# [What is required]
Exactly as written, please set down all of the entries again, with no pictures.

------------------------------

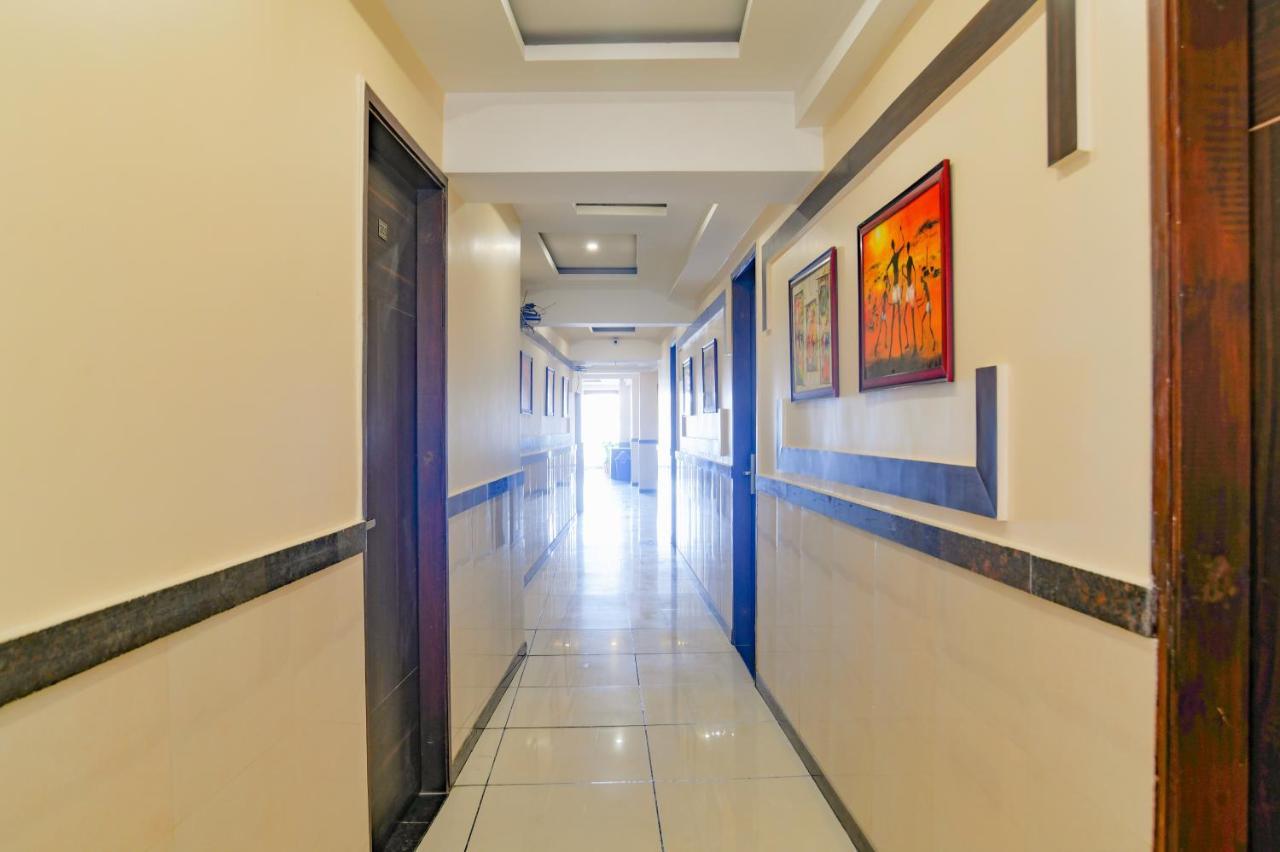 โอโย 8882 โฮเต็ล พิศุรี เรซิเดนซี Hotel อินดอร์ ภายนอก รูปภาพ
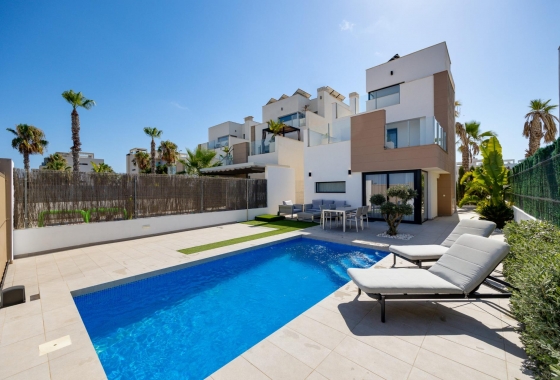 Villa - Resale - Guardamar del Segura - El Raso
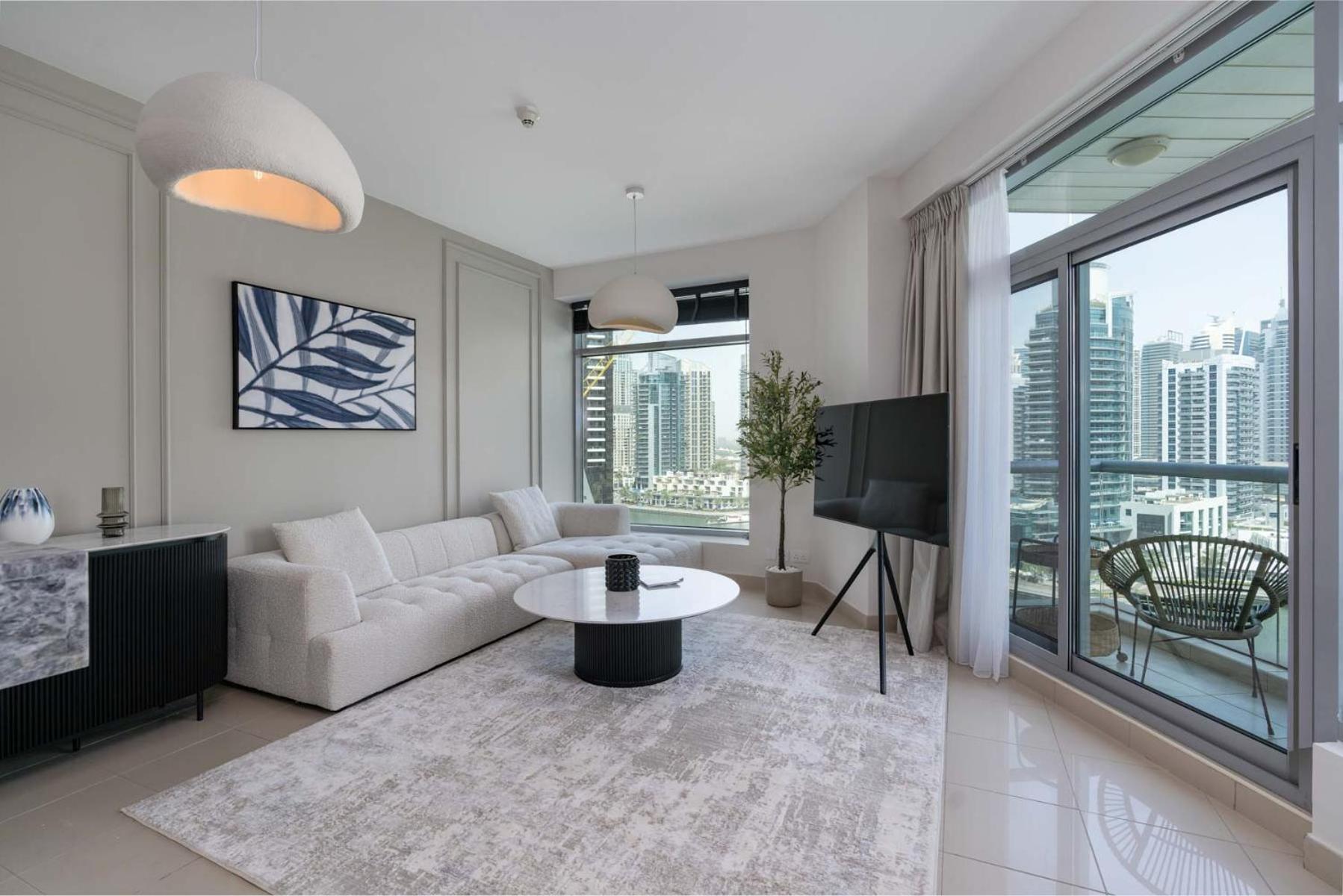 Elegant Spacious Great Location Marina View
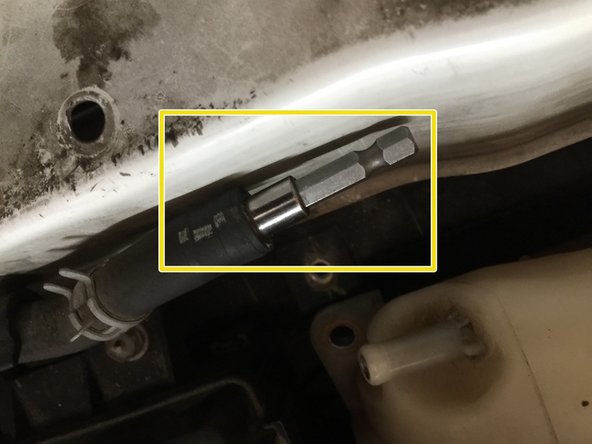 Déconnecter le tuyau d'alimentation côté droit et l'obturer à l'aide d'un obturateur métallique.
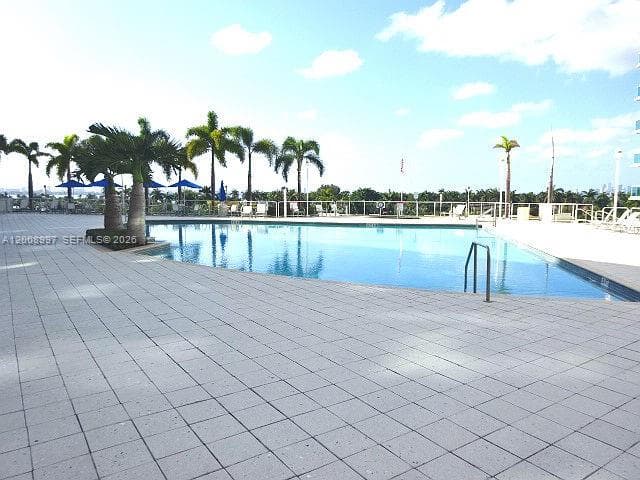 7900 Harbor Island Dr 817 photo 24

------------------------------

# [Solution]
 โอโย 8882 โฮเต็ล พิศุรี เรซิเดนซี Hotel อินดอร์ ภายนอก รูปภาพ
 Villa - Resale - Guardamar del Segura - El Raso
 Elegant Spacious Great Location Marina View
 Déconnecter le tuyau d'alimentation côté droit et l'obturer à l'aide d'un obturateur métallique.
 7900 Harbor Island Dr 817 photo 24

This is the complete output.